Gokmop’s material always makes for good reading, so check out his article and, if you’re game, contribute to the ever-growing List of Snowclones.

Last, if you’re not already among the converted, do yourself a favor and get to know Wikipedia.

DRM and Sony

As a nerd, I sometimes forget that topics that are familiar and important in my world do not always carry the same level of interest (or outrage) among non-nerds. This is sometimes awkward, since I have friends and colleagues on each end of the playground.

For those who are not already aware, DRM is an acronym for Digital Rights Management – the entertainment industry’s latest term for copy-protection. DRM does for digital content (music, movies, games) what syphilis does for dating.

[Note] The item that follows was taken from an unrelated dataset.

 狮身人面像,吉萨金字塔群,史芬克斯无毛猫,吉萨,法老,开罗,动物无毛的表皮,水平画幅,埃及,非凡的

Anyone already familiar with the history of DRM as it relates to copyright (and can easily name each Star Wars film in which Boba Fett appears), can skip over the “DRM” section and proceed straight to the spectacular boner that Sony pulled, under the “Sony” section.

DRM

The whole DRM issue revolves around the right to “fair use” of digital content on one side, and the protection of copyright on the other. In Universal City Studios v. Sony Corporation of America (the “Betamax” case), The Supremes ruled that the recording of broadcast television for the purpose of time-shifting was not copyright infringement but, instead, fair use. This interpretation has since been expanded to include activities like making personal backups of purchased content. This decision plus the doctrine of first sale (which says that one can sell or give away a copyrighted work that was legally purchased) give consumers some rights when it comes to digital content.

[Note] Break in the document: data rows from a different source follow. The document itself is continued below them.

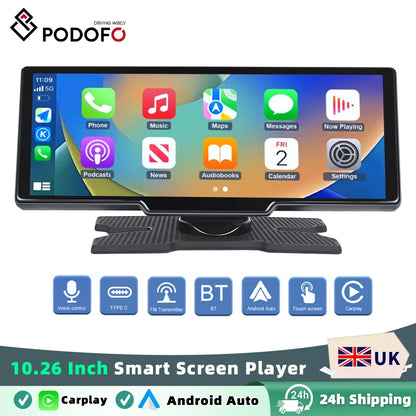 Podofo sans fil Carplay Portable tableau de bord numérique Android Auto 10.26 pouces lecteur intelligent avec commande vocale 1080P BT TF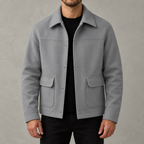 Men’s Wool-Style Jacket – Long Sleeve Lapel Collar Casual Jacket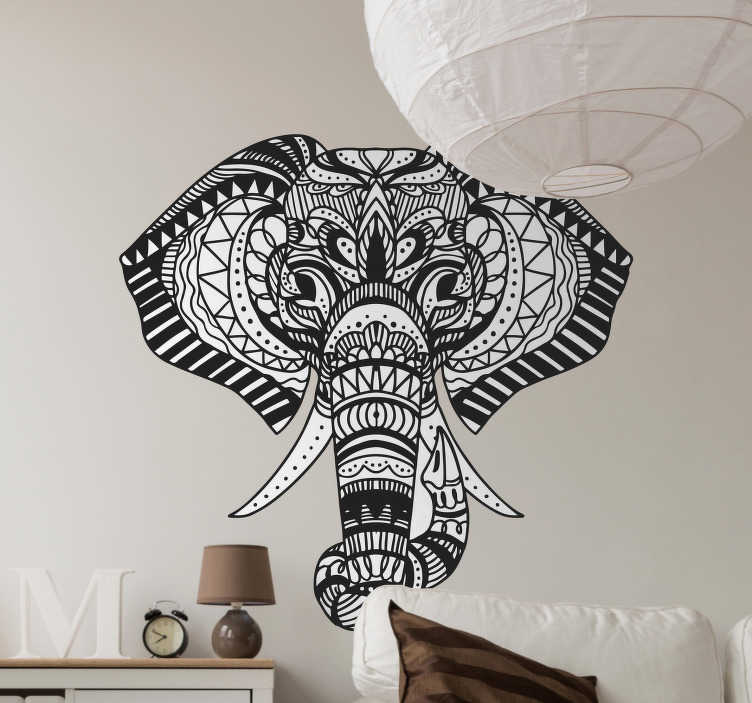 Tenstickers Wilde dieren stickers olifant mandala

However, two important developments occurred that, in combination, have record label and movie studio executives freaking up one side of the board room and down the other:

  1. Media formats that can be copied without degradation
  2. The emergence of file sharing networks such as Napster, Grokster, Gnutella, LimeWire and BitTorrent

We are no longer talking about Jim recording The Eagles Greatest Hits from vinyl to cassette and then giving it to Dave. Now anyone with a computer and some time can obtain high quality copies of music and video for free.

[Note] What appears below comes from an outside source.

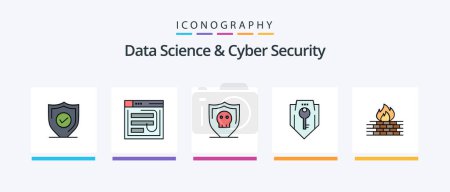 Téléchargez les illustrations : Data Science And Cyber Security Line Filled 5 Icon Pack Including password. hack. banking. email. secure. Creative Icons Design - en licence libre de droit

The Recording Industry Association of America (RIAA) and the Motion Picture Association of America (MPAA) have responded in two important ways to this situation – legislation and DRM.

Legislation: In 1998, they purchased a law from Congress called the Digital Millenium Copyright Act (DMCA), that criminalizes attempts to circumvent copy-protection, but is so broadly worded that I am technically breaking the law by trying to guess one of my own passwords. With the DMCA in place, the RIAA and MPAA are trying out a novel business model – suing their customers.

DRM: Through proprietary hardware and software, various companies in the business of selling copyrighted content are attempting to place restrictions on how the content can be used, e.g., limiting the number of times a purchaser can play the content or make a copy, interfering with an individual’s ability to move content from one device to another, etc. The stated reason for these restrictions is to combat piracy. In reality, DRM does nothing to prevent piracy, due to:

  1. Shoddy implementation
  2. The nature of digital media (as Bruce Schneier puts it, “Bits are inherently copyable, easily and repeatedly.”)

All it takes is for one clever individual to strip the DRM from a given digital file and make it available online. That file can then be downloaded by as many individuals as care to do so. The **AAs are attempting to impose physical rules on a digital realm, with predictable results. Whenever the latest scheme doesn’t work, they fall back to litigation.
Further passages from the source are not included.